In Catholic theology, there is always an emphasis on the connection between the promises in the Old Testament and their fulfillment in the New Testament.
For instance, Jesus declared in Mathew 5:17: “do not think that I came to abolish the Law or the Prophets; I did not come to abolish, but to fulfill them.” On reconciliation, he said: “You have heard that it was said, ‘An eye for an eye and a tooth for a tooth.’ But I say to you, offer no resistance to one who is evil. When someone strikes you on your cheek, turn the other one to him as well” (Mathew 5:38-39). The laws he was referencing are these: “Burn for burn, wound for wound and stripe for stripe” (Exodus 21:25); “Fracture for fracture, eye for eye, tooth for tooth. Just as he injured the other person, the same must be inflicted on him” (Leviticus 24:20); “You must show no pity; life for life, eye for eye, tooth for tooth, hand for hand, and foot for foot” (Deuteronomy 19:21).
How did Jesus fulfill these laws of the Old Testament? It is pointless to do an extensive academic research on that, but simply to go back to his words and actions especially in the context of his arrest, trial and death. “One of those who accompanied Jesus put his hand to his sword, drew it and struck the high priest’s servant, cutting off his ear. Then Jesus said to him. “Put your sword back into its sheath, for all who take the sword will perish by the sword” (Mathew 26:51-52). When Jesus said: “Offer no resistance to one who is evil and when someone strikes you offer the other cheek,” he set Christianity on a path that is almost difficult to comprehend particularly through the lens of human nature. Our natural inclination is to suppress violence with an overwhelming stronger violence.

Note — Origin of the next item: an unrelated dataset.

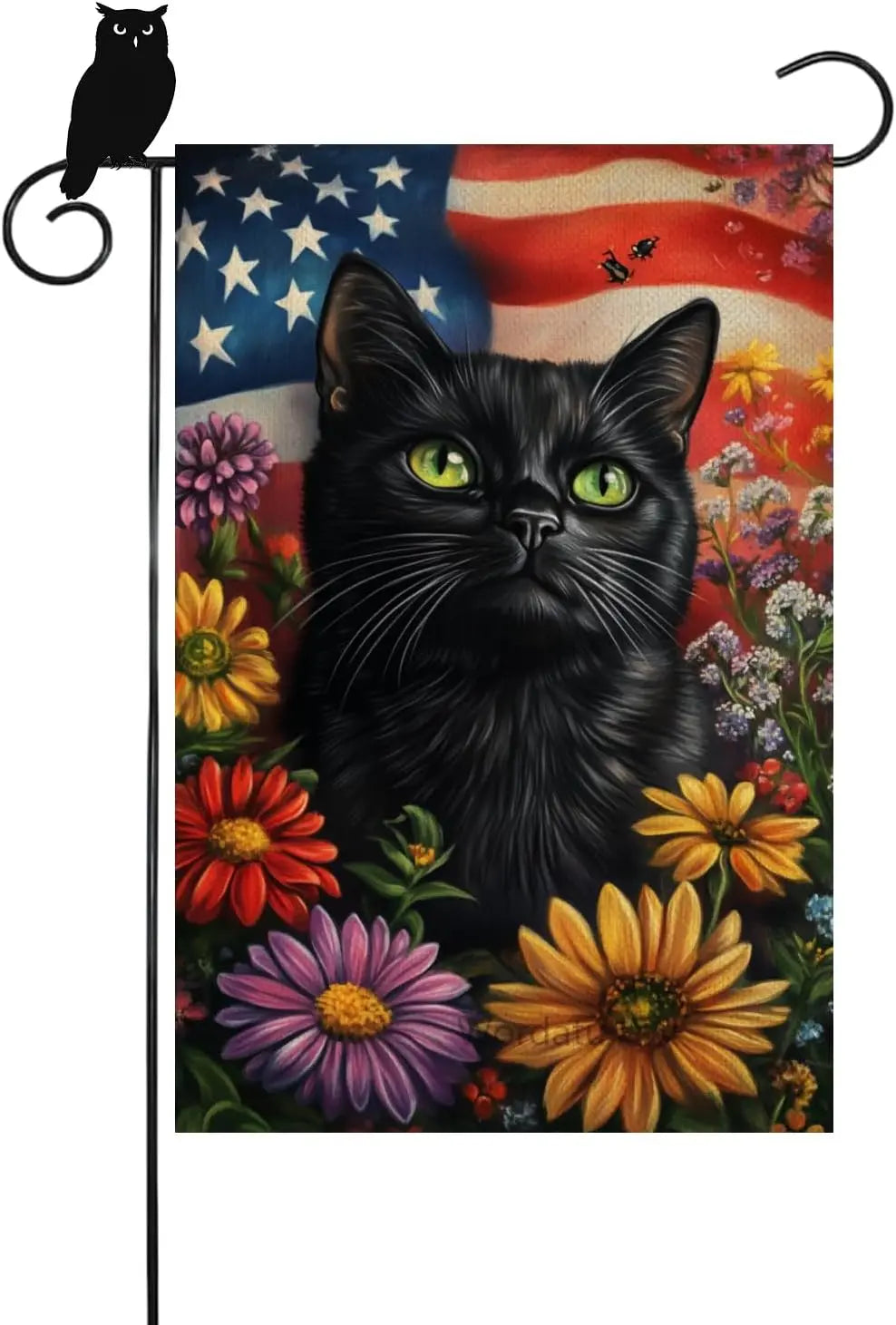Black Cat Patriotic Decorative Garden Flag 4th of July Flower Yard Outside Decoration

Aware that the teaching of Jesus seems to be contrary to human inclination for revenge, how can his Gospel of non-violence and no revenge be interpreted in the 21st century? This is in view of the many unprovoked violence visited upon many innocent victims. For instance, how do criminals who are going about destroying people and properties be encouraged by such a teaching? In legal terms as explained by David Van Drunen (professor of Law at Liberty University): “The idea of the lextalionis- an eye for an eye, a tooth for a tooth- seems to take us back to the murky origins of legal history, to the raw, primitive, and violent impulses of not yet-fully civilized humanity. The idea evokes the specter of villages filled with one eyed men consumed by violent demands of honour cultures and tribal feuds. The lextalionis is easily dismissed as unworthy of human civilization and especially of a legal order historically influenced by Christianity” (Van Drunen, Natural Law, the LexTalionis, and the Power of the Sword 2008)). Jesus in today’s reflection revoked the lextalionis through his teaching about “turning the other cheek”.

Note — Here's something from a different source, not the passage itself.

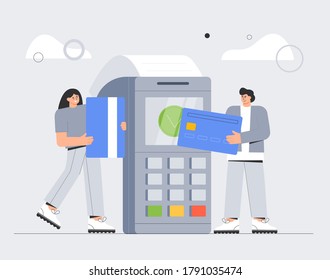 Concepto Pagos en línea para página web, bannerd, publicidad, aplicación, página de inicio. Hombre y mujer parados en la terminal Pos confirman el pago con tarjeta de crédito de débito. Ilustración vectorial de estilo plano.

In the opinion of Van Drunen, “…a facile dismissal of the so called law of retribution is both legally and theologically hasty.” The view of Van Drunen is expressed through a series of questions: “What if the lextalionis is not so much a relic of a barbaric past, but an expression of a perfectly proportionate justice? What if the desire for the lextalionis is not a disordered craving for violence, but a virtuous sense of equity, which we are still striving to approximate in our own day? What about the fact that the lextalionis played a role in many widely recognized milestones in the positive progressive development of legal order such as the code of Hammurabi and the Twelve Tables of early Roman Law? Most Christians, throughout history, have interpreted Jesus commands to turn the other cheek and go the extra mile (which accompany his revocation of the law of talion) as impossible to be followed literally and hence in some sense hyperbolic? The lextalionis remains legally and theologically relevant in binding together two very important ideas: first that natural law is the standard for civil law, and second, that the civil state (but not the church) wields the power of the sword” (V David Natural Law, the LexTalionis, and the Power of the Sword 2008),).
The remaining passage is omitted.